But when the goal of a problematic foreign government is to weaponize American athletes as propaganda machines, we do not need to pretend that their rationale for taking the money is legitimate or acceptable.

And that message needs to be made clear to them by their fans, their sponsors and every organization that matters from the PGA Tour to Augusta National to the R&A to the USGA. If you’re going to attach your name to the government of Crown Prince Mohammed Bin Salman Al Saud (MBS), you’re no longer welcome to play in the tournaments that matter in the Western, democratic world. You don’t get to do both. It’s one or the other.

Golf, to be fair, isn’t the only sport that has been pulled into Saudi Arabia’s so-called “sportswashing” scheme. In March, London-based human rights organization Grant Liberty issued a report that details $1.5 billion in spending to lure major international sporting events including boxing, MMA, soccer, wrestling, horse racing and the first Formula One race in Jeddah slated for December.

In perhaps the boldest move yet, Saudi Arabia’s Public Investment Fund — directly under the control of MBS — recently completed a $408 million deal for control of Newcastle United, sparking a backlash in the United Kingdom.

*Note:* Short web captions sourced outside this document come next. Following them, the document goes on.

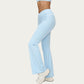 High Waist Crossover Flare Yoga Pants Stretch Bootcut Workout Leggings with Side Pocket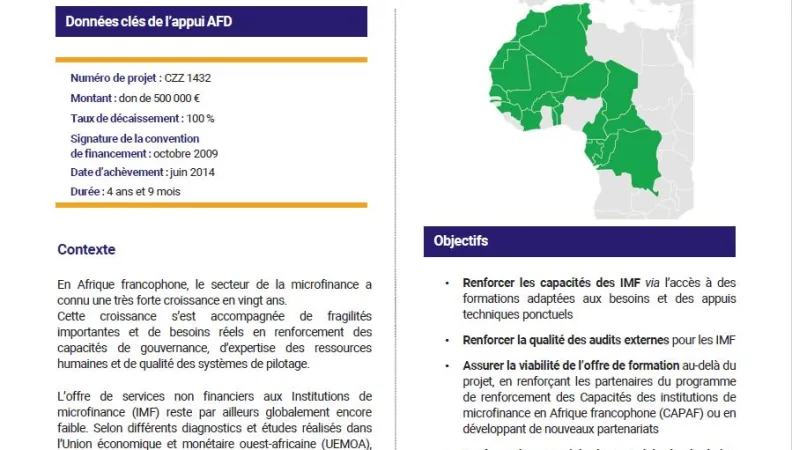 Résumé d'évaluation - Renforcement des capacités des IMF en Afrique francophone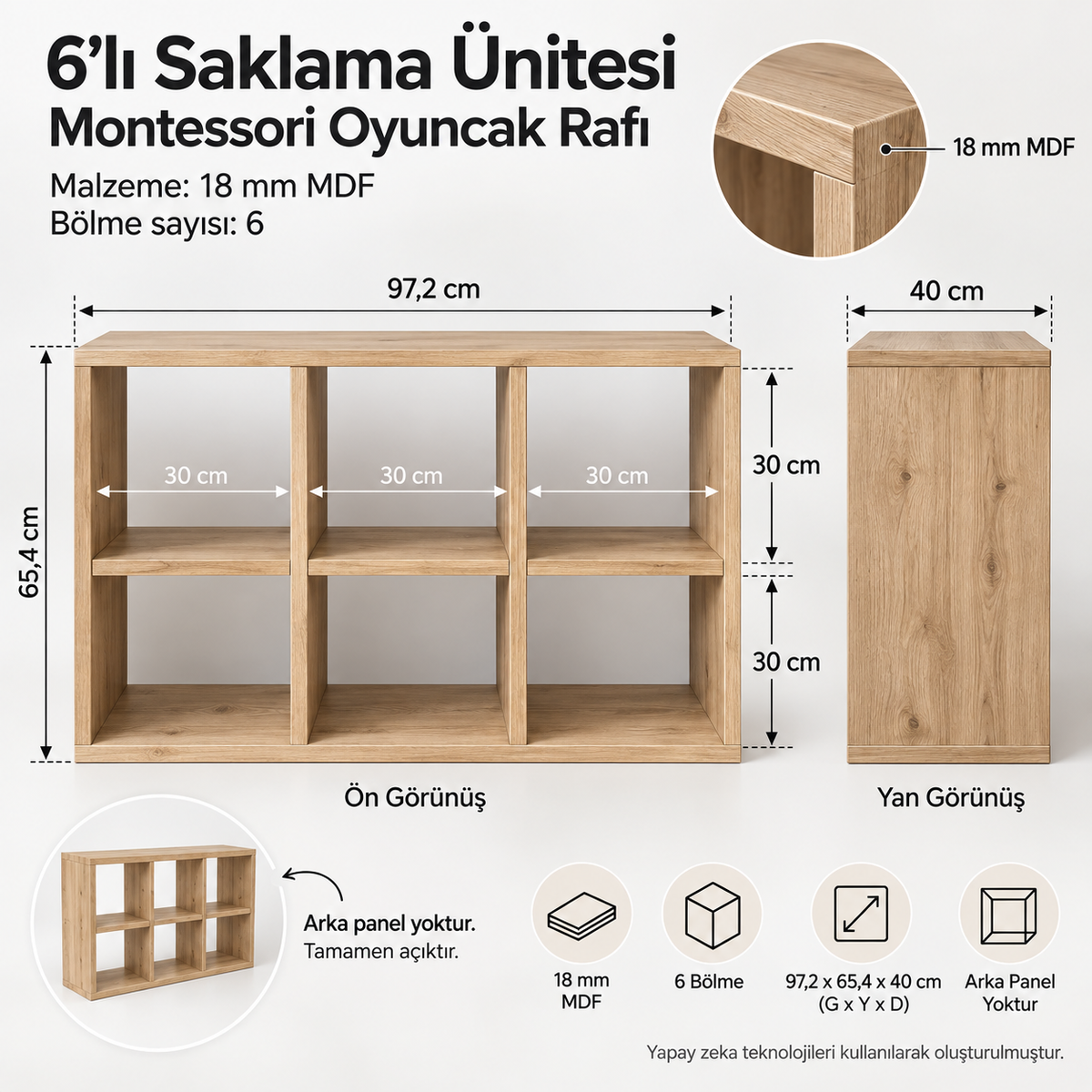 Montessori 6 Bölmeli Saklama Ünitesi Atlantik Çam açık sırt teknik ölçü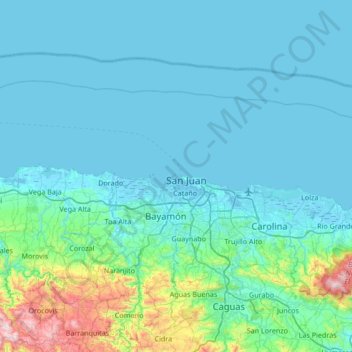 Carte topographique Isla de Cabras, altitude, relief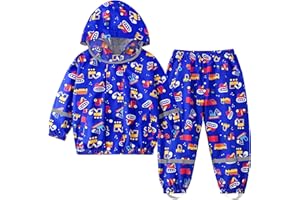 FEWLBY Combinaison Imperméables Enfant, Veste de Pluie + Pantalon Imperméable 2PCS Ensembles, Filles Garçons Manteaux Imperméables Pantalon de Pluie Réutilisables Vêtements de Pluie
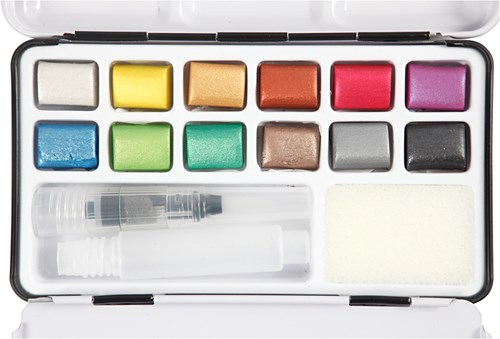 Creativ Company set aquarelle métallique - 12 couleurs avec pinceau-3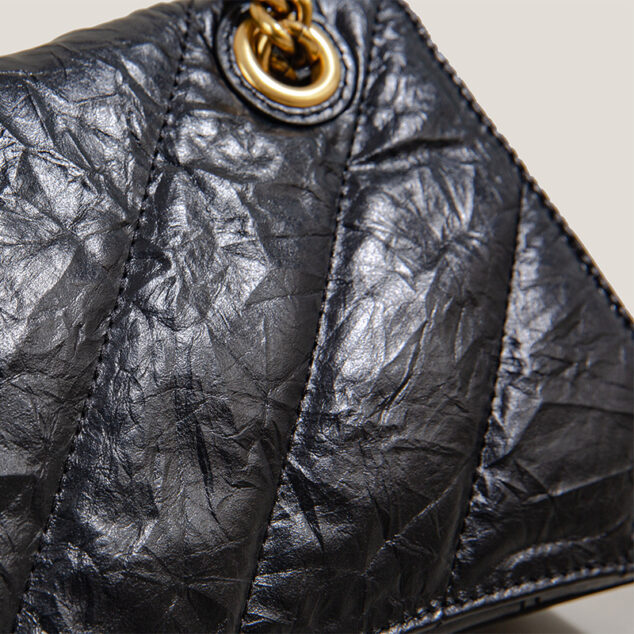 Women's Black Genuine Leather Folded Quilted Chain Crossbody Bag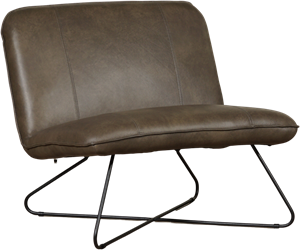 ShopX Leren fauteuil smile 80 121 grijs, grijs leer, grijze stoel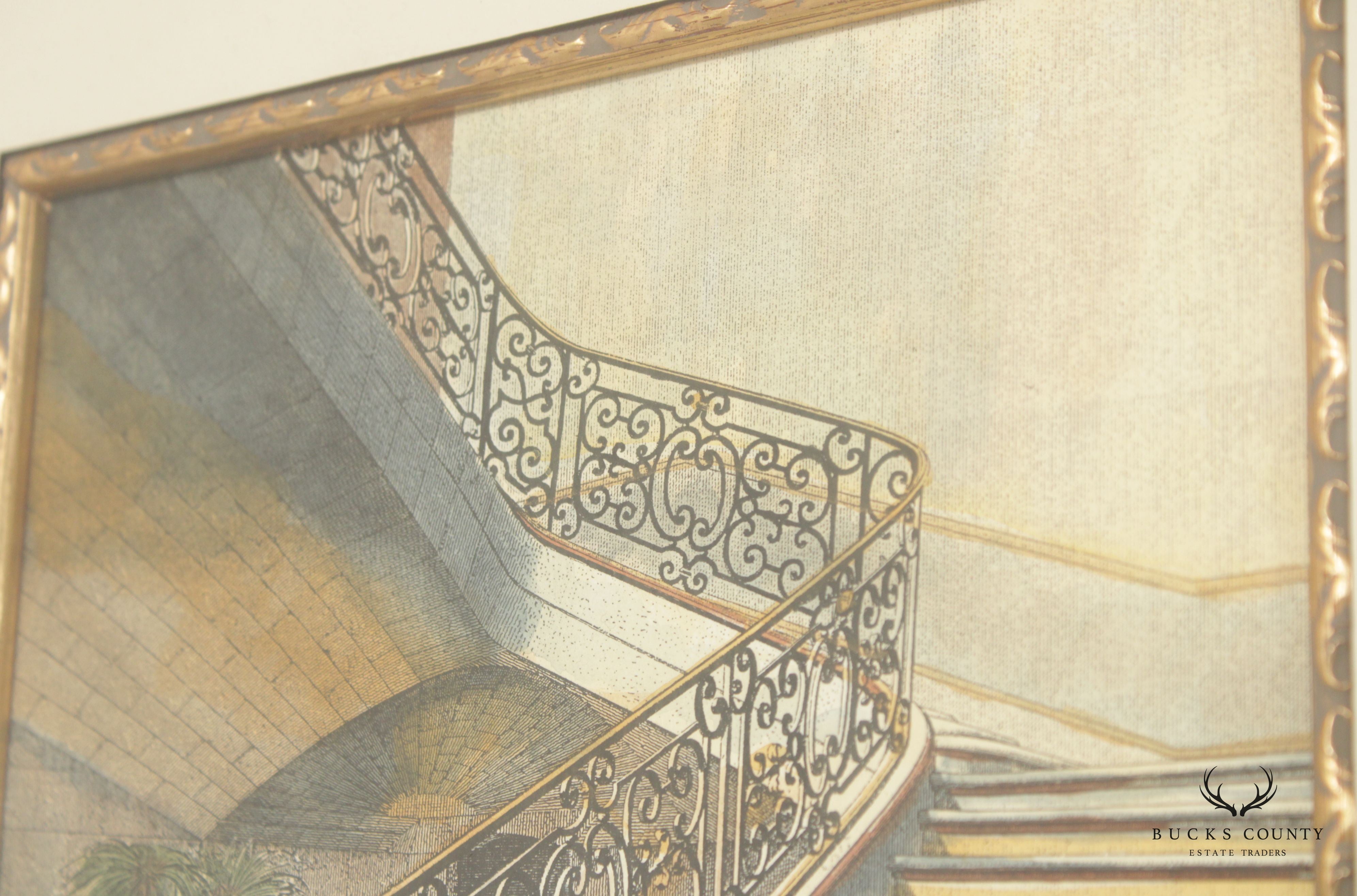 Art Nouveau Style Pair Architectural Staircase Prints, Custom Framed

On Oct. 8, a government-controlled media account tweeted a photo of MBS next to the Newcastle United logo with the caption: “Whoever loves Mohammed bin Salman supports Newcastle.”

Any golfer taking about being part of this tour should be sure they’re comfortable with their image being similarly tied to MBS. Unlike a one-off trip to Saudi Arabia under the auspices of sporting diplomacy, it won’t be so easy to make that case when you’re his full-time employee.